Dov'erano quando c'era da perseguire davvero chi delinque ogni giorno, chi deruba, chi violenta, chi distrugge la convivenza civile?

È più facile intervenire contro una famiglia che vive tra i boschi, educando i figli alla semplicità, che affrontare il degrado vero.
È più facile colpire chi è diverso, non chi è pericoloso.

Io spero che qualcuno si svegli, che si riporti equilibrio, che chi ha preso decisioni sproporzionate risponda delle proprie responsabilità.
Perché la vera paura è un'altra: che di fronte a soprusi così gravi verso i minori e verso le famiglie, un giorno la gente smetta di credere nella giustizia e inizi a reagire da sola. E questo sì, sarebbe il fallimento totale dello Stato.

Djàvlon

Ps. C'è una cosa che davvero non riesco a comprendere. In Italia — con l'appoggio diretto di politici e istituzioni — arrivano persone che, quasi immediatamente, finiscono in situazioni di povertà estrema, droga, violenza e degrado. E questo sembra non scuotere nessuno. Lo Stato, ma principalmente gli stessi poteri che li hanno portati in Italia, osservano, registrano, talvolta fingono di intervenire, ma lasciano che intere realtà cadano in un abisso sociale senza fine.

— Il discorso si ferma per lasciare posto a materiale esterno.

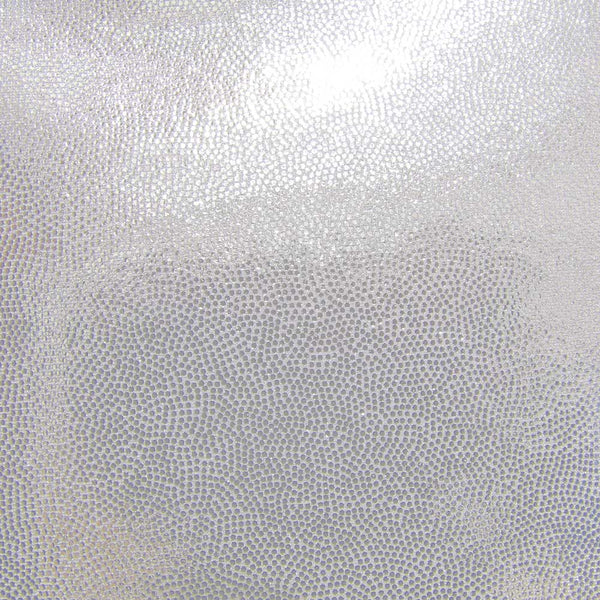 6 x 6 Fashion Fabric Swatch - Stretch Mystique 4-Way - Silver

Poi però succede il contrario:
si tolgono i bambini a una famiglia arrivata dall'estero da un paese democratico (?) che sceglie volontariamente di vivere senza consumismo, come l'umanità ha fatto per oltre 20.000 anni. Una scelta radicale, certo, ma non criminale. Una scelta diversa, ma non pericolosa. Una scelta che, anzi, dovrebbe far parte della libertà individuale garantita da una democrazia.

E allora la domanda, per quanto provocatoria, diventa inevitabile:
forse sarebbe stato considerato "migliore" se quei bambini fossero cresciuti da genitori assassini, purché pagassero il canone TV?

Perché questo è il paradosso:
lo Stato e il popolino, sembrano tollerare tutto, tranne chi vive in modo libero, sobrio e non allineato al modello consumistico dominante.

Mi viene voglia di sputare in faccia a qualcuno, ma se lo dico, a chi, mi mettono in cella e poi mi eliminano come hanno già fatto quando ancora ero solo Masaniello. Ora che sono anche Pasquino la testa preferisco tenermela attaccata alle spalle, non farla consegnare al viceré come prova della mia morte (come nella storia di Masaniello).